But while we try to turn them into us, who have we become?
The president presents himself as an avatar of American
values, plain-spoken cowboy and tough flyboy.
But Condi Rice's testimony on Thursday raises the
depressing possibility that we've lost the essence of our
frontier spirit: the ingenious individualist who gets
around the system and faces down the drones.
From Abigail Adams to Tom Sawyer to Bugs Bunny to Jimmy
Stewart's Jefferson Smith to Indiana Jones, the best
American character is plucky, nimble, clever, inventive.
So it's disturbing to see our government reacting to crises
with a jaded shrug and lumbering gait, especially since we
are up against such a creative, chameleonlike enemy.
Consider the pathetic performance of NASA, which inverted
its motto to "Failure is an option" by shrugging off
warnings about the safety of the seven Columbia astronauts
who burned up coming back to earth, and not trying to send
up a rescue shuttle.
This no-can-do spirit marked George Tenet's lame excuses to
senators in February who wanted to know why the C.I.A.

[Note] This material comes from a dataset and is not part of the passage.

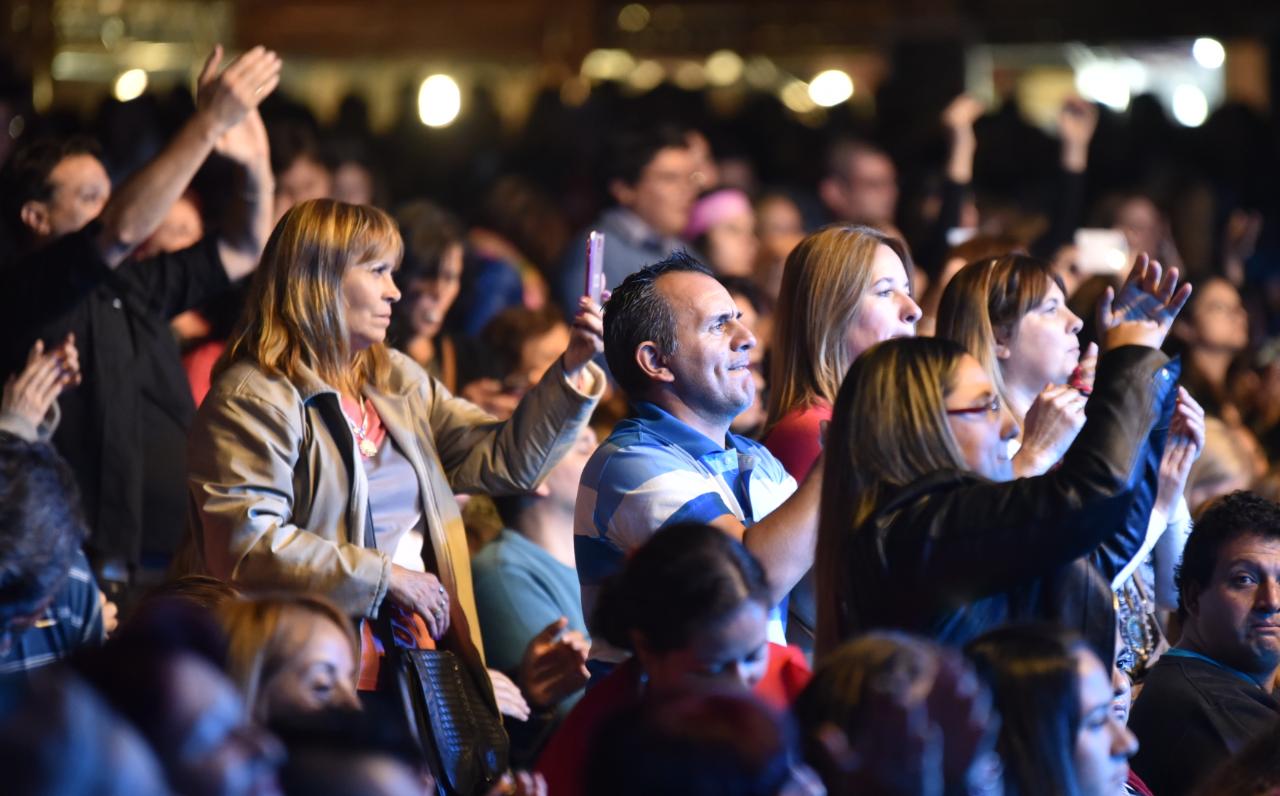Música, sabores y tradición: lo mejor de la primera noche, con Luciano Pereyra y Alejandro Lerner. / Foto: Lucio Casalla ElDoce.tv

never picked up the trail of Marwan al-Shehhi, the pilot
who crashed Flight 175 into the south tower on 9/11, even
though the Germans gave the agency his name and phone
number. "They didn't give us a first and a last name until
after 9/11," Mr. Tenet said.
And what would Eliot Ness say about an F.B.I. that is less
computer savvy than American preschoolers and Islamic
terrorists? The F.B.I. is only halfway through modernizing
its computers, which could not, before 9/11, do two
searches at once, such as "Al Qaeda" and "flight schools."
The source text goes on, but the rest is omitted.